Ethnographe du monde de l’estampe
Chez Henri Beraldi, les notes de bas de page font œuvre, envahissant le propos et la page par leur longueur et leur liberté. De là naît un paradoxe : « On ouvre Beraldi pour trouver un titre, une date, une technique – on vient lui demander de la précision d’un instrument – et on tombe sur un flux débridé. » Alors que ce siècle est celui de la construction d’un savoir scientifique sur l’art, le travail de Beraldi déconcerte et offre un aperçu des bas-fonds de la connaissance. Ainsi, Beraldi ne s’intéresse pas seulement aux gravures mais aux échanges de tous ordres qu’elles suscitent. Faire attention à ces échanges le conduit à se pencher sur les nombreux acteurs qui gravitent autour ces estampes : artistes, marchands, collectionneurs, etc. Mais aussi les « maniaques », « entièrement dépendant[s] de la chose qui [les] [obsèdent], de ses lieux, de toutes sortes de sensations expressément localisées. », à la différence du spécialiste universitaire, qui pose un regard plus abstrait sur les œuvres d’art. Pour autant, le professeur qu’est Emmanuel Pernoud « admire Beraldi d’avoir osé marier les contraires, la maniaquerie et l’encyclopédisme, au risque assumé d’avoir produit un livre-monstre ».
En multipliant les observations en notes, Beraldi s’est fait « ethnographe amateur » du monde de l’estampe, attentif notamment à son vocabulaire et à sa diversité. Pour Pernoud, c’est d’ailleurs cet aspect, cette sociologie sauvage, qui fait toute l’originalité de la démarche de Beraldi pour le lecteur contemporain. Beraldi échange avec les graveurs, se renseigne directement. En revanche, ses sélections catalographiques sont arbitraires et plusieurs grands noms passés à la postérité ne sont guère prisés par Beraldi. Ce dernier est également l’auteur d’un court ouvrage explorant en détail les arcanes de la Bibliothèque nationale, à propos duquel Pernoud écrit : « Ce qu’il y a de remarquable […] c’est [sa] capacité de reconnaître dans les usages informels et non écrits une science indispensable à la science ».

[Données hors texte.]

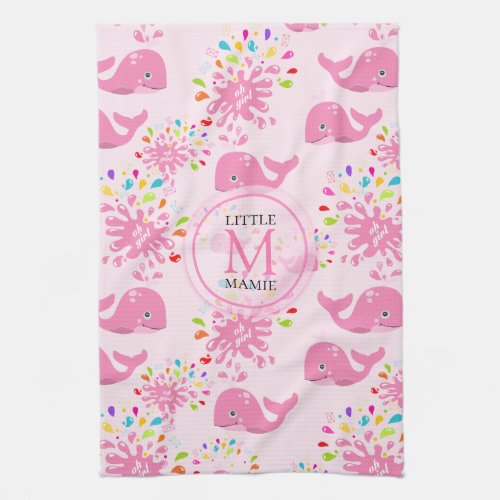 Colorful Water Splash Pink Whale Monogram Pattern Kitchen Towel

Polygraphe, spécialiste des Pyrénées et bibliophile
L’œuvre prolifique de Beraldi, par ailleurs fonctionnaire au ministère de la Marine, ne se limite pas aux estampes. Il est l’auteur de nombreux livres sur les Pyrénées, d’ailleurs davantage lus aujourd’hui que son travail sur les graveurs, qui explorent la relation entre écriture et alpinisme. À cela, il faut ajouter une pratique bibliophile et une réflexion sur le même sujet, où revient la notion d’échange, incarnée par la « causerie » autour des livres, de leur acquisition et de leur transformation via la reliure. Ce dernier acte permet de transformer le livre, produit en série en quelque chose d’unique (« créer le livre »). N’allez pas chercher en Beraldi un défenseur du patrimoine, lui qui prône une « destruction méliorative du livre ancien » et n’hésite pas à employer le terme de « bibelot » à son propos ! « Comme Sade faisait servir le sexe à toutes les fins possibles sauf à la reproduction, le bibliophile soumet le livre à tous les usages, sauf à la lecture. » Enfin, Beraldi constitue aussi une source d’inspiration et de médiation sur l’écriture académique pour Pernoud.

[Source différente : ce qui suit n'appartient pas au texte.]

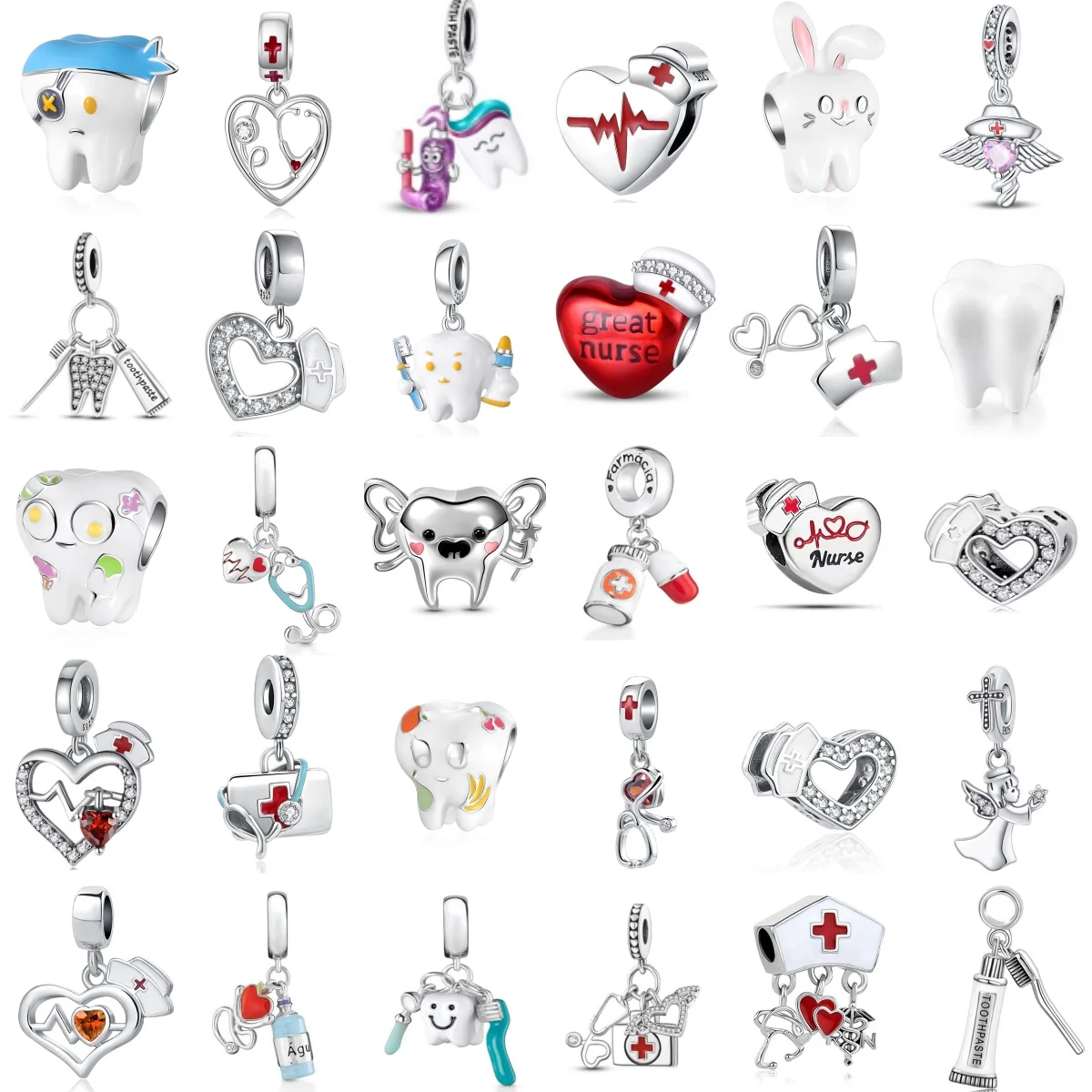 New 925 Sterling Silver Nurse Pill Stethoscope Teeth Toothbr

Avec Le Savoir fou, Emmanuel Pernoud commence dans l’atelier moderne du chercheur, où il a accès depuis son domicile à de vastes fonds numérisés, pour nous entraîner avec plaisir dans celui d’une figure originale, dont il brosse le portrait intellectuel. Ce faisant, Pernoud poursuit son exploration des marges de l’histoire de l’art – comme dans son précédent livre (Le Serviteur inspiré) – ou plutôt, ici, de ses notes de bas de page. Il nous offre au passage une réflexion plus large sur la construction du savoir et sur la spécialisation. In fine, Pernoud fait l’éloge d’une forme de liberté et d’attention soutenue à la diversité.